Women have shaped the landscape and contour of the Bowling Green area, yet we do not have many records of their contributions. Collecting oral histories is one way to preserve and celebrate the contributions of older women in our community. Oral history provides an opportunity for women to tell their story in their own words, deciding what is important to share, what stories they wish to emphasize, and how they present themselves.

Dr. Sandra Faulkner, Professor of Media and Communication at BGSU, will share Portraits of Older Women in the Great Black Swamp, a collaborative project with The Wood County Committee on Aging, the BGSU archives, and local women, which focuses on how women have contributed to Bowling Green and the surrounding community. Faulkner interviewed prominent older women in the Bowling Green area about their experiences across the life course and their contributions to our community. She will discuss the importance of oral histories and listening to older women by presenting poetic portraits of older women in the Bowling Green area that she cocreated from oral histories. A poetic portrait is a representation of a person’s life in verse that focuses on embodied aspects of their life story. The poetic portraits celebrate women’s contributions to our community. The poetic portraits and oral histories will be archived at the BGSU libraries for all of us to share.

Social Trust, Diversity, Equity, Inclusion, and Accessibility in Curling Clubs

Dr. Scott Piroth, Teaching Professor of Political Science 

Spring 2024

Public Lecture: TBA

In early 2022, I conducted a survey of members of curling clubs in the United States and Canada. The survey explored the relationship between membership in a curling club and social capital. Putnam (2000) defines social capital as “connections among individuals – social networks and the norms of reciprocity and trustworthiness that arise from them” (19). Curling is characterized by strong norms of behavior based on trust, which curlers often refer to as the “Spirit of Curling.” My survey showed that curling club members scored very high on measures of social trust. I plan to use part of the ICS fellowship to write an article based on this survey and submit it for publication.

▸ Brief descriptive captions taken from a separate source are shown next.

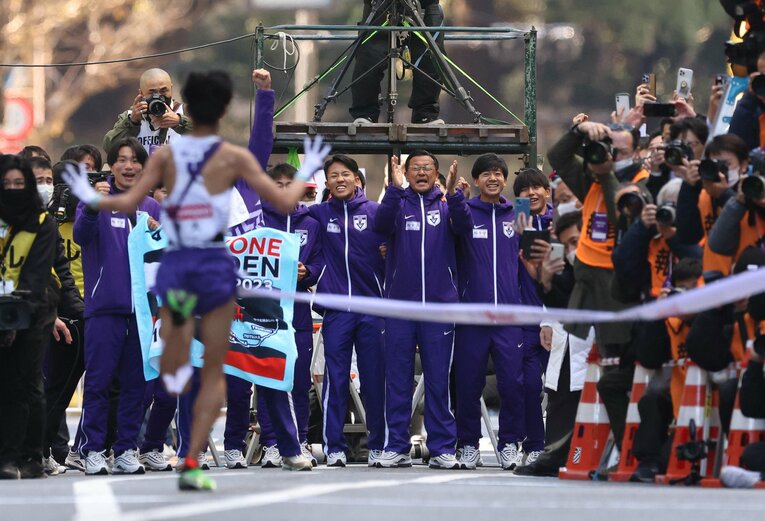 ゴールを選手たちに囲まれながら待つ大八木監督　©JIJI PRESS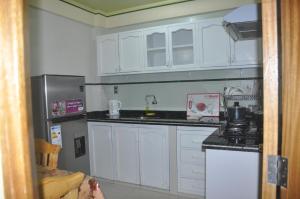 a kitchen with white cabinets and a stainless steel refrigerator at COMODORO DEPARTAMENTOS in Oruro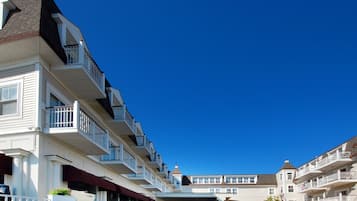 A multi-story hotel with balconies, a covered walkway, and a clear blue sky.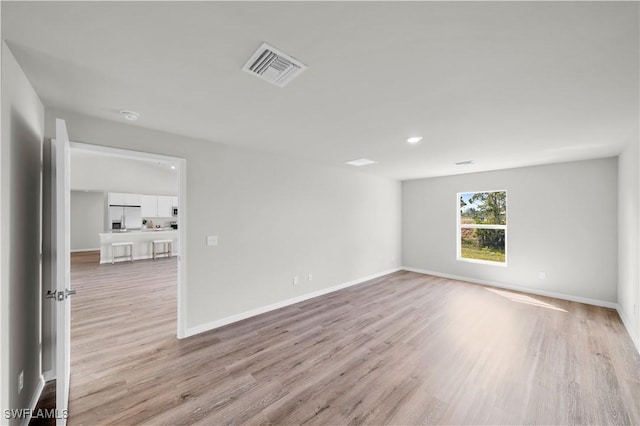 unfurnished room featuring light wood finished floors, baseboards, and visible vents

There is a lively academic debate about the relationship between social capital and diversity (Hooghe 2007). Curling strives to be inclusive, but most curling clubs are less diverse than are the communities they serve. As part of my fellowship, I plan to conduct semi-structured interviews with members of groups which are underrepresented in the curling community: curlers with disabilities and curlers in the LGBTQ community. The findings from these interviews will inform my paper on social capital and, more immediately, will be shared with members of the curling community in forums devoted to DEI in curling hosted by curling governing bodies (USA Curling, Curling Canada, the Ontario Curling Association, and the World Curling Federation) with the goals of improving outreach to underrepresented communities and providing higher-quality adaptive curling instruction.

Banning Reality: The Right's Attack on 'Divisive Concepts' in Public Education and the Truth about Racism in the United States

Dr. Timothy Messer-Kruse, Professor in School of Cultural and Critical Studies 

Spring 2024

Public Lecture: TBA

Banning Reality is a research project examining recent legislative bans on “Critical Race Theory” (CRT). Unlike most of the public debate swirling around the issue of CRT Banning Reality does not analyze these laws on the basis of their contradiction of liberal principles of free speech or equity, or on the potential adverse impact of such prohibitions on public education. Rather, this project compares the most frequently banned seven “divisive concepts” against the known facts underlying these concepts. In other words, this project reveals how the anti-CRT crusade is actually an assault on reality, on the actual known world. Effectively, this project observes, the anti-CRT movement is a break with the older Allan Bloom “Closing of the American Mind”-style defenses of a “Western Canon” conservatism because it doesn’t attempt to argue on the level of facts–rather it begins from what conservatives believe is right and then impose these values on reality itself.